Zwischenfrage: Einige Wissenschaftler sind sich sicher, daß die Postwachstumsgesellschaft kommen wird, “by design, or by desaster”. Was sagen Sie zu dieser These?

Genau. Das ist der kanadische Forscher Peter Victor, der das gesagt hat, und ich finde das ist eine sehr zutreffende Bezeichnung.

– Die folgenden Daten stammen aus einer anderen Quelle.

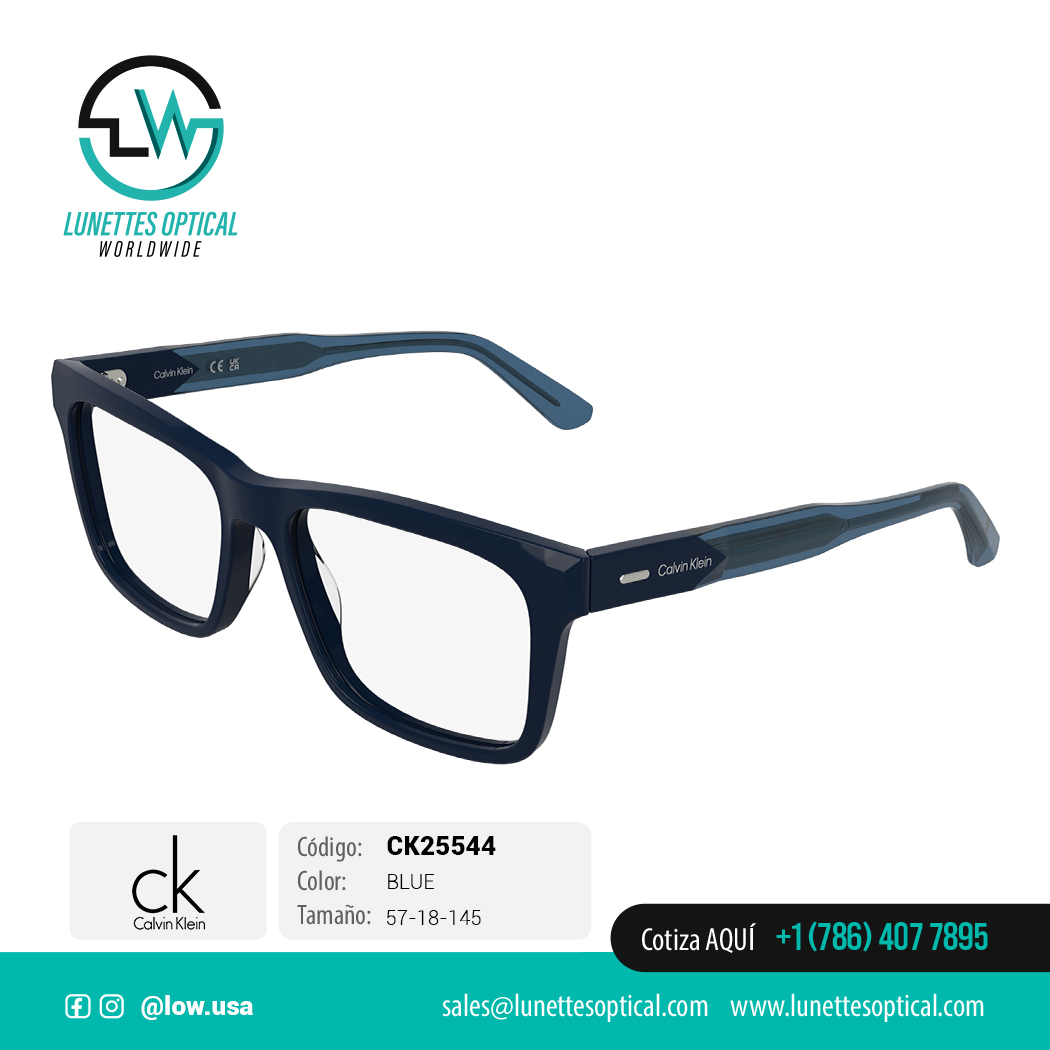CALVIN KLEIN CK25544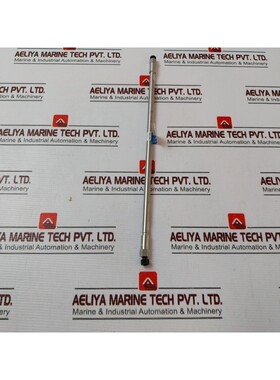 Waters Symmetry Wat054270 Column 4.6x250mm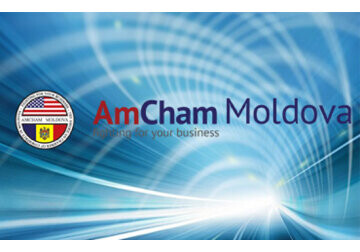AmCham Moldova propune perfecționarea legii privind birourile de istoric de credit 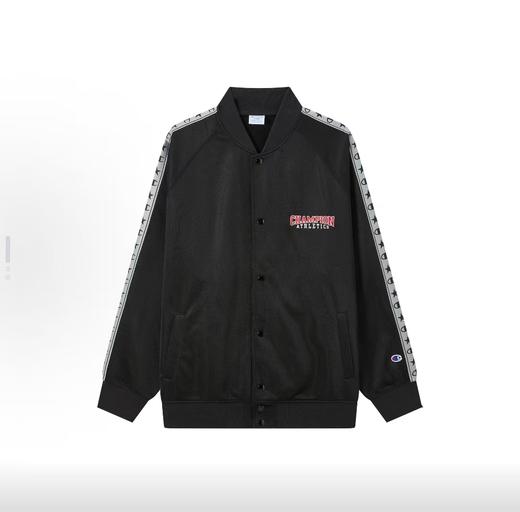 Champion 长袖T恤 249.9元 QS - 636897 线下同时售卖 不保证有货 无原包装 介意勿拍 商品图0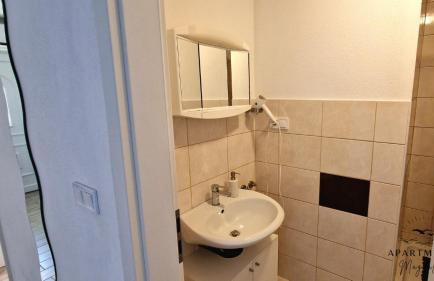 Apartments Magdalena - Foto 37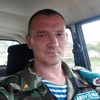 Михаил, 39, г.Стерлитамак Михаил, 39, г.Стерлитамак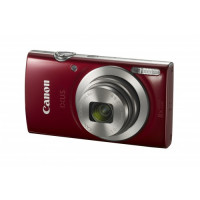 Slika Canon IXUS 185 Red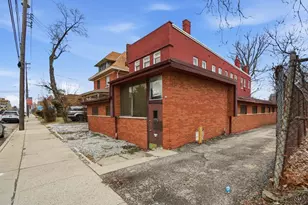 3010 Burnet Ave, Cincinnati, OH 45219 - Photo 54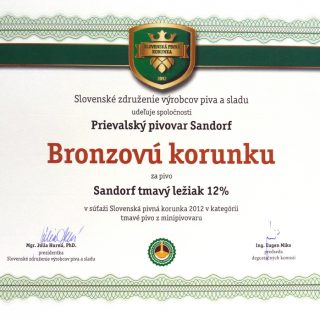 https://update.sandorf.sk/wp-content/uploads/2024/03/Bronzova-korunka-2012-320x320-1.jpg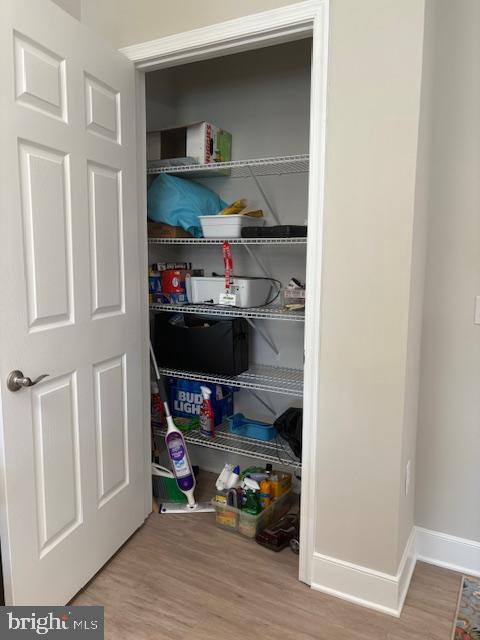 30609 CEDAR NECK ROAD 3109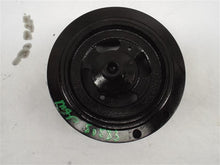 Load image into Gallery viewer, HARMONIC BALANCER Altima Frontier Sentra Equator 2006-2013 - MRK200377
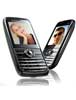General Mobile GF2F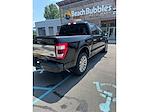 2021 Ford F-150 SuperCrew Cab 4WD Pickup for sale #D252209A - photo 6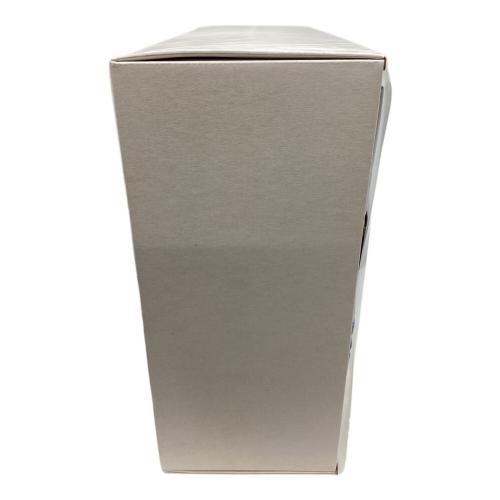 CELINE (セリーヌ) 羽毛布団 CL 616 150㎝×200㎝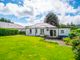 Thumbnail Detached house for sale in Campsie Dene Road, Blanefield, Glasgow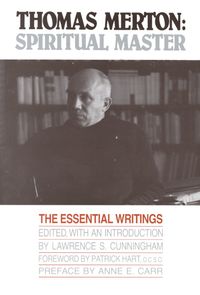 Produktbild: Thomas Merton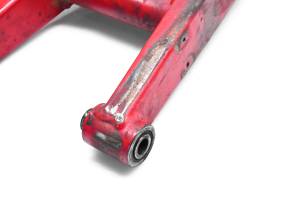 Polaris - 08 Polaris Outlaw 450 S Rear Swingarm 20" - Image 4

Es kommt sowieso, es zeichnet sich jetzt schon ab, daß wir in den hochentwickelten Industriestaaten eine Abnahme der Wachstumsraten haben, daß wir derzeit auch nahezu schon Stagnation haben, in etlichen Industriestaaten ja auch schon einen Rückgang, aber damit wir diese Postwachstumsgesellschaft nicht auf eine Art und Weise erfahren, wie das jetzt die Länder im europäischen Süden erfahren mussten, mit dem Absturz in Spanien, in Griechenland, ist es eben klug, sich auf diese Zeit jetzt schon einzustellen, jetzt schon einzurichten und eben Konzepte zu entwickeln, wie wir mit diesem geringeren Wachstum oder keinem Wachstum umgehen können. Daß einen das nicht überfällt wie ein Desaster, und das Desaster kann ja ein ökonomisches Desaster sein, oder es kann ein ökologisches sein. Und dieses Buch ist eben auch ein Versuch sich auf eine andere Phase vorzubereiten, langsam umschwenken zu können, damit das nicht überfallartig wie ein Desaster auf eine Gesellschaft zukommt.”